■ Problem description ■
Filter the records, keeping every line that has the string "Photo".

■ Items from a data source ■
........
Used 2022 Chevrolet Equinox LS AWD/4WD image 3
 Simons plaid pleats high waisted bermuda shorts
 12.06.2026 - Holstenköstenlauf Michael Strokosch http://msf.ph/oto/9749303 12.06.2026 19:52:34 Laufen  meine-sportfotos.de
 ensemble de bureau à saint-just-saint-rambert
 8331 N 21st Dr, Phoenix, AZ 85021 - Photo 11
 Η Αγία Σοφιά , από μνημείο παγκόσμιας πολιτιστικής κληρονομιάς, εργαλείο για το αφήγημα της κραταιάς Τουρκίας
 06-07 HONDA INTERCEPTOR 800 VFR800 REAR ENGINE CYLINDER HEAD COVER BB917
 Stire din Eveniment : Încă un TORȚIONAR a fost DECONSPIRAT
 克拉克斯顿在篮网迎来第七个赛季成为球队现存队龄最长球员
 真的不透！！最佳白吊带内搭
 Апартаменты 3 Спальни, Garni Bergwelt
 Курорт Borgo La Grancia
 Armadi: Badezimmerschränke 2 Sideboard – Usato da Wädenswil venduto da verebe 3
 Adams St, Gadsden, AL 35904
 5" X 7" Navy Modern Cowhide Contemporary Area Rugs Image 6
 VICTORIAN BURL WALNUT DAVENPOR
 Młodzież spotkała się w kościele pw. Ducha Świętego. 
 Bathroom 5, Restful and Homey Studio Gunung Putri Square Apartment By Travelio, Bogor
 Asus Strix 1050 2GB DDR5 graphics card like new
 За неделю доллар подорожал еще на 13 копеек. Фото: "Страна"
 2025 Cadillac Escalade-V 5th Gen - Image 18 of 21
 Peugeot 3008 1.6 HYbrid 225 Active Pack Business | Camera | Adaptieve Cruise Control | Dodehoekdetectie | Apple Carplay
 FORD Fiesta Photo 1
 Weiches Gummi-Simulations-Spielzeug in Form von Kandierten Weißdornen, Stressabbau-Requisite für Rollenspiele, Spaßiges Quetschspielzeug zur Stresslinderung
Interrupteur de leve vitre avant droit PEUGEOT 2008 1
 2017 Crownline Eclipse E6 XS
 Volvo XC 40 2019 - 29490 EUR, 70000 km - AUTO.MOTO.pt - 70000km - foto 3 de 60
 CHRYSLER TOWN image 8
........
■ The answer ■
 8331 N 21st Dr, Phoenix, AZ 85021 - Photo 11
 FORD Fiesta Photo 1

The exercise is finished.